Cisco and Citrix announced a joint initiative to drive mainstream adoption of Virtual Desktop environments through a five-year agreement to integrate technologies and jointly market their respective desktop virtualization solutions.
The first fruit of this collaboration is the introduction of support for Citrix HDX in Cisco’s WAAS appliances. This allows Cisco to offer many of the key features of Citrix Branch Repeater across its entire range of WAAS appliances. The announcement heavily promoted the agreement’s inherent opportunity, but it was lacking in technical detail. HDX is a broad family of technologies with many opportunities for optimization and acceleration across the WAN. Neither company was willing to answer questions about the level of integration provided to date or any future roadmap for WAAS/HDX development, only hinting at the possibility of further integration in the future However, digging behind the scenes revealed that in its initial incarnation support for HDX provides:
- Transparent support for all levels of Citrix ICA Encryption
- Full compatibility with Citrix Gateway Protocol (CGP)
- Full compatibility with Citrix HDX MediaStream for multimedia client rendering
- Dedicated optimizations (Context aware Data Redundancy Elimination) for Citrix XenDesktop
Cisco also hinted at the possibility of future enhancements to offer integrated support for additional Branch Repeater functionality, which suggests the possibility of climbing up into the Citrix Flex-cast stack.
Cisco claims that WAAS support for HDX will accelerate XenApp and XenDesktop performance by as much as 70%, and can double the number of users supported across a given WAN connection, although it did not share under what conditions these performance improvements could be achieved. Regardless, for enterprise IT departments reluctant to adopt Citrix Branch Repeater, in a, perhaps, exclusively Cisco-based network infrastructure, any ‘free’ performance improvement will be most welcome.
Existing and possible future adopters of VMware’s View desktop virtualization platform should not read too much into Cisco’s decision not to offer equivalent support for the Teradici PC-over-IP remote display protocol. In comparison to HDX, PCoIP acceleration is today both harder to achieve and will deliver fewer returns. the majority of VMware View installations are, for the moment at least, in smaller deployments where the ‘need’ for a Cisco native solution is likely to be lower.
Also announced, were a series of supporting initiatives including the introduction of Cisco Validated Designs for XenDesktop built using Cisco’s UCS and VXI platforms, consulting services providing guidance on the integration of XenDesktop with Cisco’s own voice and video services, as well as a integrated support service providing a single point of contact for all technologies covered in the Cisco Validated Designs. These three service offerings should ease the introduction of Cisco’s data center and desktop virtualization solutions into more large enterprise environments where integrated communication services are playing an increasingly important role. This ties in very closely with Cisco’s desktop hardware solutions that integrate a zero clients with Cisco’s current range of VoIP phones and extend that to the final announcement of the day which was the launch of new hardware and software appliances providing comprehensive integration of desktop, voice, and video services.

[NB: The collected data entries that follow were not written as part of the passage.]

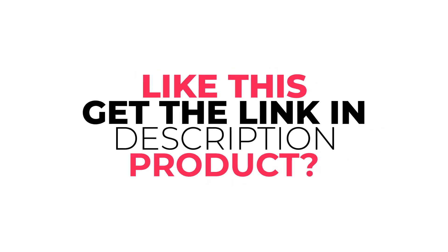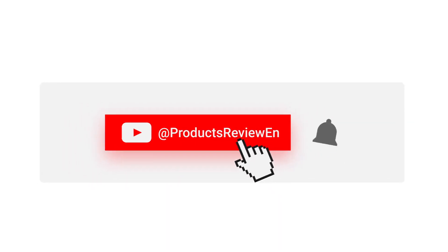Did you like the product? The purchase link is in the description. Don't forget to like and subscribe to our channel. See you later.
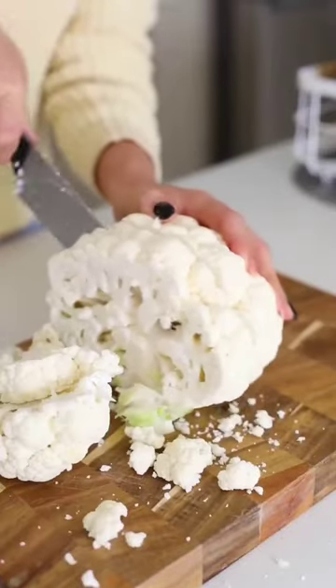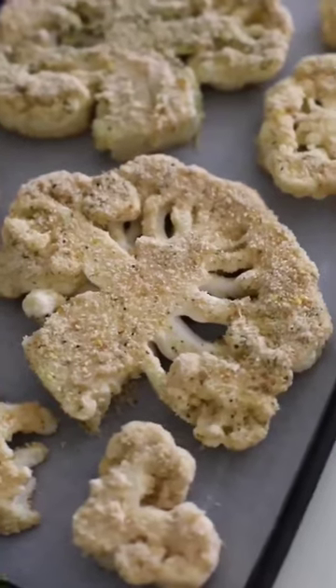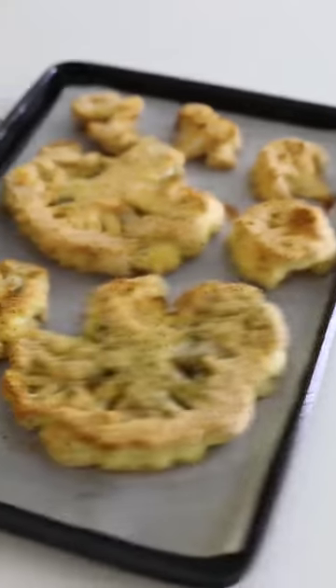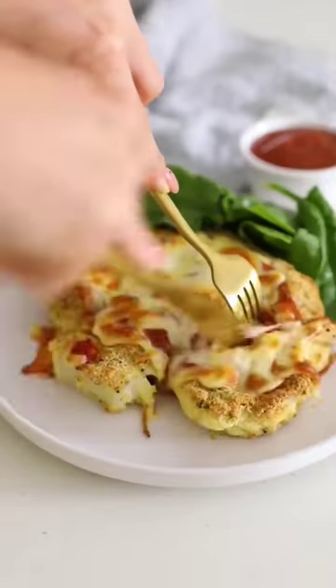If you're looking for vegetarian cauliflower recipes, you're going to love this baked cauliflower parmesan steaks, made with crunchy Tuscan seasoning, topped with easy homemade tomato sauce and grated cheese for that perfect melt. Eating at home has never tasted so good.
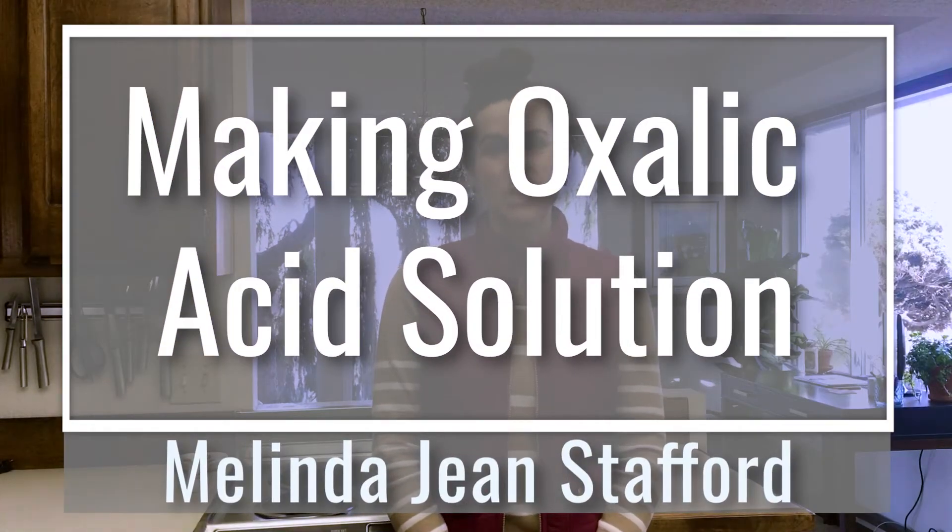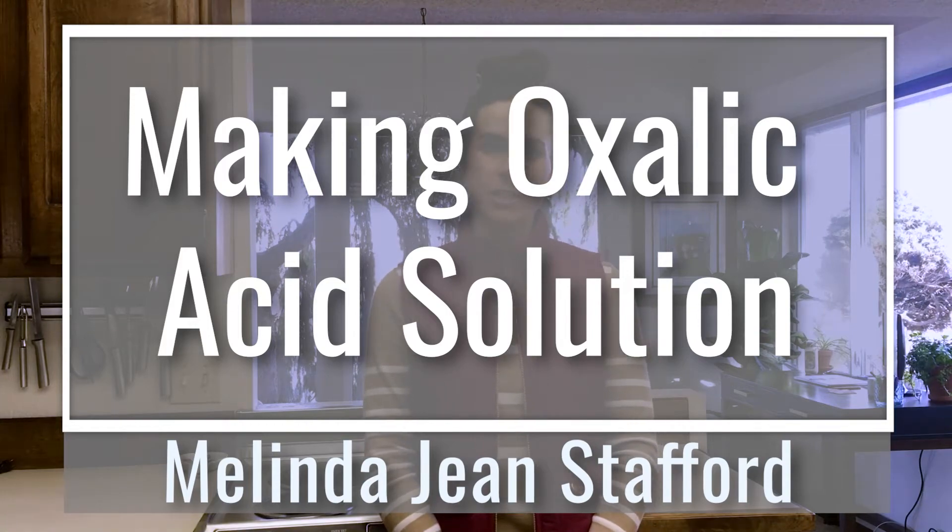Hi, Melinda Jean Stafford here, your neighborhood beekeeping education specialist with D&B Supply. Today I'm going to show you how to safely and effectively mix oxalic acid into sugar water for use of killing varroa mites in your beehives.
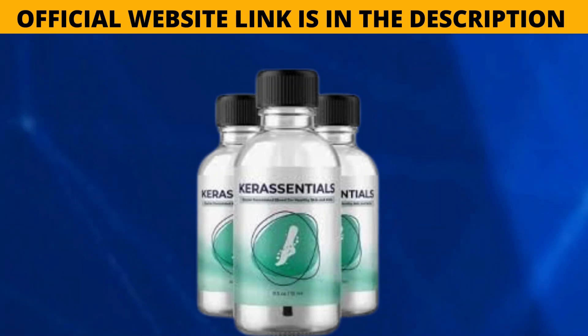Welcome to this video. My name is Samuel and I'm going to talk about Care Essentials. From now on I'm going to tell you everything you need to know about this product, which is becoming well known on the internet and claims to have been developed to fight fungal infections and improve nail health.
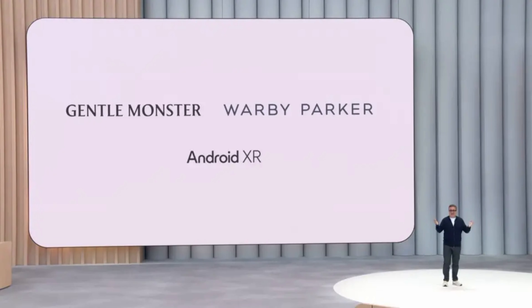As a lot of you know, Google and Warby Parker teamed up to start production on a new smart glasses line. Well, Warby Parker just showed a teaser image of the glasses, and when I show it to you, I really hope that you're just as shocked as I am.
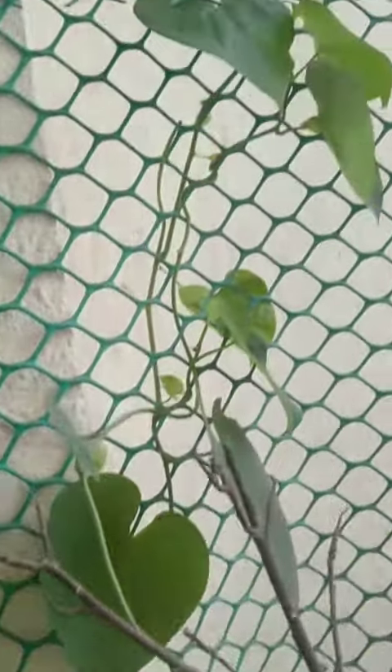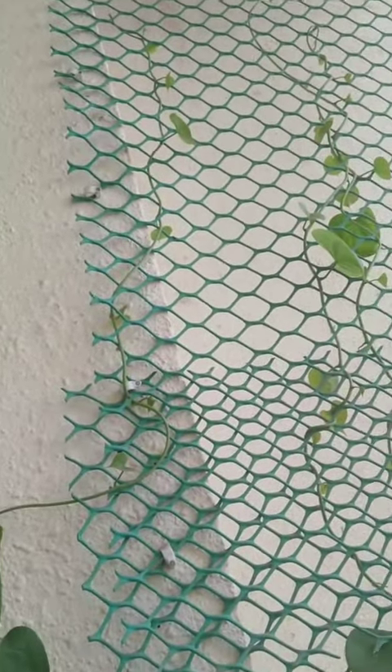Look, my plant has been growing for 3 months. This is a climber, so it needs to go up.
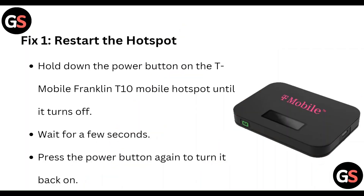Fix 1: Restart the hotspot. Hold the power button on the T-Mobile Franklin T10 Mobile Hotspot until it turns off. Wait for a few seconds, then press the power button again to turn it back on.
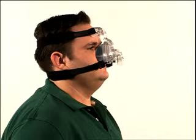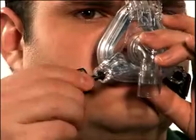To remove the mask, first remove one or both quick clips from the mask sockets. Grasp the body of the quick clip and gently pull it out of the socket away from your face.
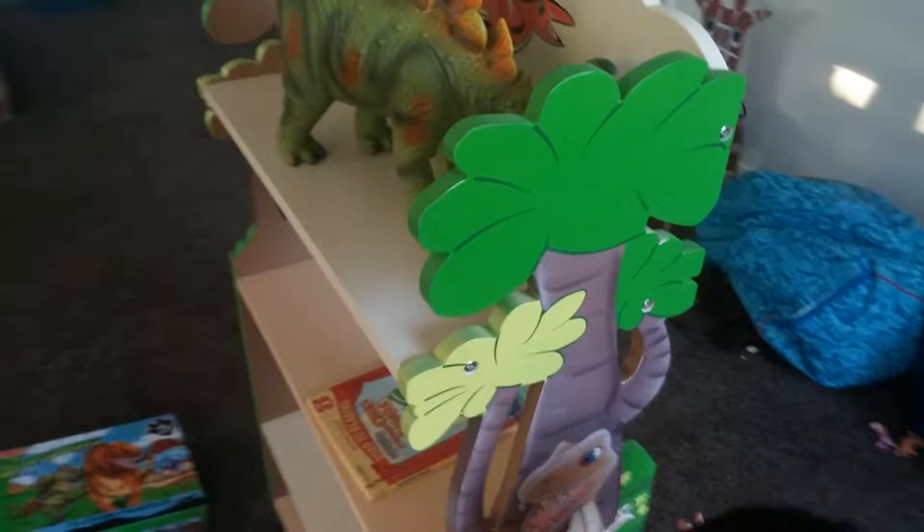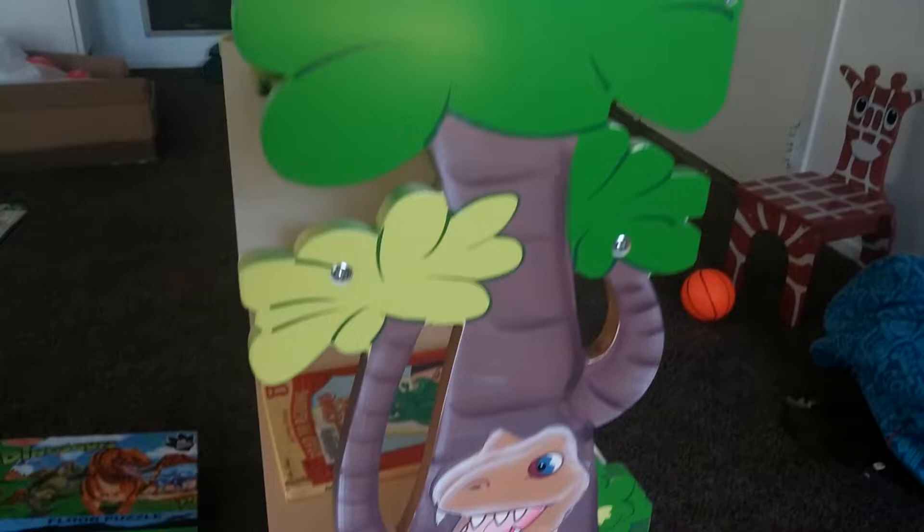We just got this Dinosaur Kingdom Bookshelf from Timson. We purchased it at Target.com. For how much?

Cisco announced a new integrated thin client device for release in Q1 2012. The VXC 6215 is a unified desktop hardware replacement platform offering voice, video, and virtual desktop in a single small form factor device, with support for both HDX, PCoIP and RDP. By bringing together voice, video, and desktop in a single unified platform with an expected life span in excess of five years, large enterprises will be able to take advantage of dramatically reduced desktop operating costs, perhaps finally delivering on VDI’s promise of low-cost desktop replacement.